We are replacing them with 3phase/480V units 


Sent from my iPhone using Tapatalk


----------



## btharmy2 (Mar 11, 2017)

When heating a stairwell, the heater should be at the bottom, not the top. If you are installing new 3 phase, 480v circuits to feed the new heaters anyway, is it an option to put them at the bottom? That would heat much better. The electrical load for the old heaters was low because it was only for the fan/blower. We typically install a Dayton or Q-Mark fan forced wall heater on the first floor and allow the heated air to rise. I have never needed a 3 phase, 480v circuit for a stairwell heater. That is a lot of power for a heater.


----------



## WronGun (Oct 18, 2013)

btharmy2 said:


> When heating a stairwell, the heater should be at the bottom, not the top. If you are installing new 3 phase, 480v circuits to feed the new heaters anyway, is it an option to put them at the bottom? That would heat much better. The electrical load for the old heaters was low because it was only for the fan/blower. We typically install a Dayton or Q-Mark fan forced wall heater on the first floor and allow the heated air to rise. I have never needed a 3 phase, 480v circuit for a stairwell heater. That is a lot of power for a heater.

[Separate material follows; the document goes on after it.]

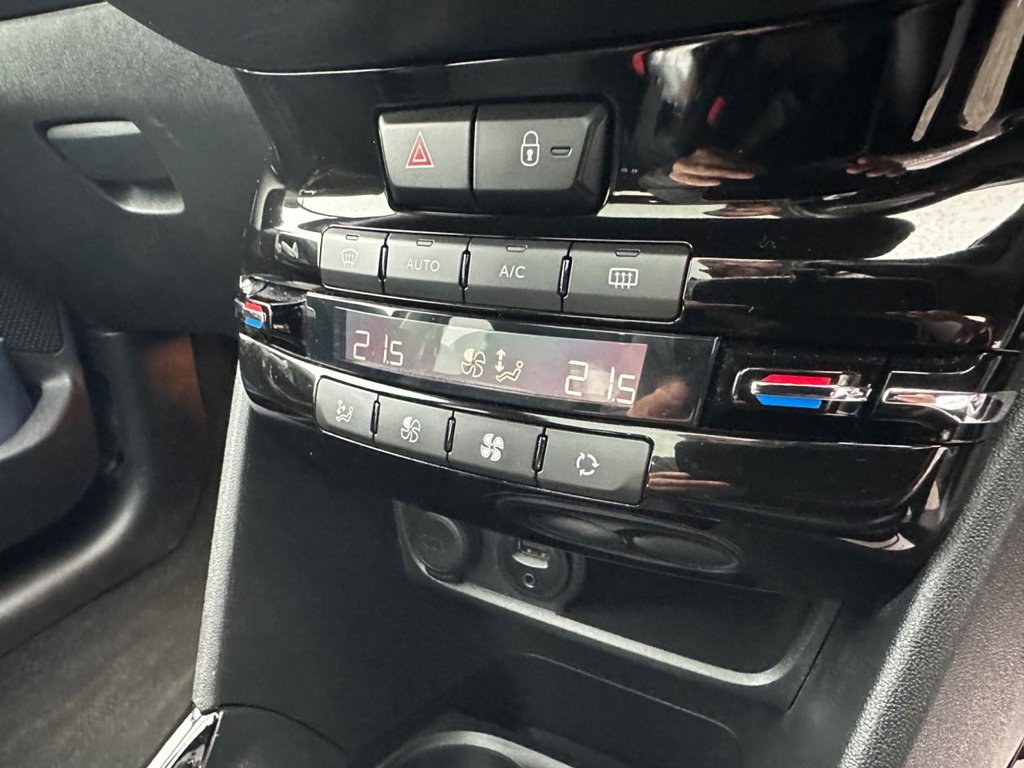 Used Peugeot 2008 2017 for sale - 77976409: Photo 28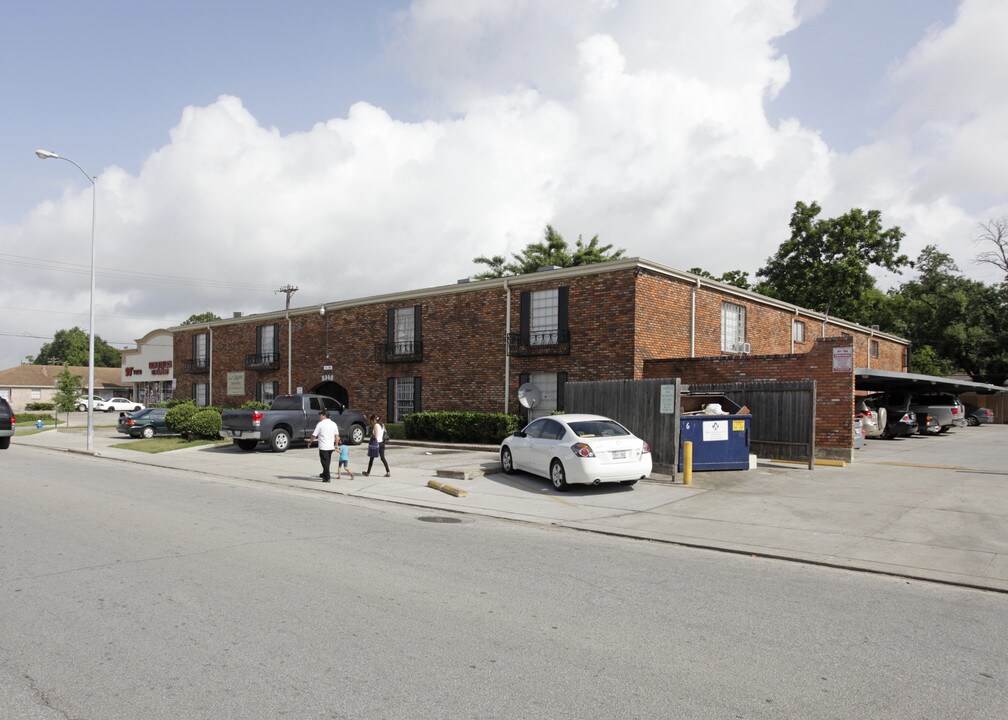 Le Sajon Apartments in Houston, TX - Building Photo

Yes , mark-q is what I’ll be ordering. These are in the stairways of a very fancy church. The roof in both stairwells goes up around 60’ as it’s one of a few steeples on the building. They are currently all in the ceilings and blowing down. 

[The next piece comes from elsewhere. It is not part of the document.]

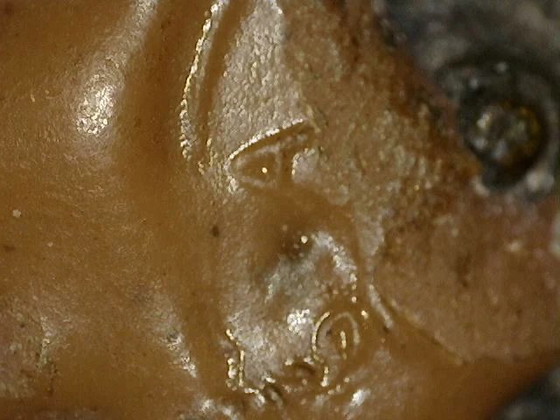 Buda chino sentado con rastros de dorado y marca de laca estampada, lote 190 – Esculturas, Bronze (photo 13 of 15)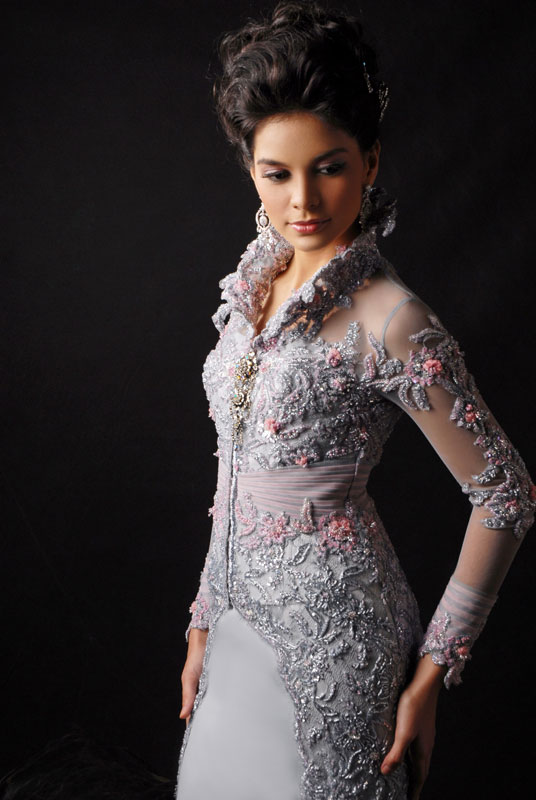 Modern Kebaya Evolution of Indonesian Traditional Dress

We have 480v close by so we will use it. It’s actually just about as powerful as the current 30,000 BTU Units 


Sent from my iPhone using Tapatalk


----------



## splatz (May 23, 2015)

I'm getting 14*30,000 btu/hr = 420,000 watts for equivalent heating power. If I calculated that right, that's a considerable amount of juice. 

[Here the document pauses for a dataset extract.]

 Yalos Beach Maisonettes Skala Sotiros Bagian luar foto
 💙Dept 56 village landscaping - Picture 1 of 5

Of course that doesn't mean that's actually what you need, they were probably way more that what was actually needed. 

An engineer could calculate the heat load, that would be an educated guess. 

To me a four story stairwell with a steeple on top is outside of what I'd be OK guessing at. 

So I might bring in someone I trust to do the heat load calculation, and if I have to pay them, I'd want that from the customer - that wouldn't be part of a free estimate. 

But in this case, just my experience, I wouldn't want it that bad - I haven't had good luck with churches as customers - so I'd tell them to get the heating load and size the heaters to THEIR specification. That way if it's not enough, it's not on me. It might wind up that the person they bring in to do the heat calc winds up getting the job, but I'd be OK with that in this situation - they earned it.


----------



## WronGun (Oct 18, 2013)

Maybe my calculations are wrong ?

1000 W=3412.141633 BTU/hr

This is a 480V/12A 10KW Heater 

I wouldn’t feel comfortable sizing it but all I’m doing is matching what’s there which worked very well for them. 

There are 2 in each stairwell 

I’ve had great success with the temple/church Market in my area this year 



Sent from my iPhone using Tapatalk


----------



## WronGun (Oct 18, 2013)

My mistake , your figuring all 14 in the stairway.. 

No they are spread out to multiple stairways , and lobby areas.... this place is a massive compound 


Sent from my iPhone using Tapatalk


----------



## splatz (May 23, 2015)

Watts per 30k BTU: 
1 BTU/hr = 0.29307107 W 
30,000 BTU/hr = 30,000*0.29307107 W = 8792.1321 W

So 14 30k BTU/hr heaters 
14 * 8792.1321 W = 123089.8494 W 

But now thinking about it 
30,000 * 14 = 420,000 BTU = like triple a normal sized house furnace 
So there just had to be a LOT of excess capacity there. 

Sometimes you'd just match existing, knowing that's safe, but in this situation that's going to overspend by a fortune. 

But you can't use existing to size the job, so you're back to square one, guessing.


----------



## splatz (May 23, 2015)

WronGun said:


> My mistake , your figuring all 14 in the stairway..
> 
> No they are spread out to multiple stairways , and lobby areas.... this place is a massive compound


That makes much more sense!


----------



## splatz (May 23, 2015)

WronGun said:


> Maybe my calculations are wrong ?
> 
> This is a 480V/12A 10KW Heater
> 
> ...


I was thinking 10KW per stairwell is the number is the number I would have guessed if I had to guess!


----------



## Cow (Jan 16, 2008)

splatz said:


> I was thinking 10KW per stairwell is the number is the number I would have guessed if I had to guess!


Wait. What?:biggrin:


----------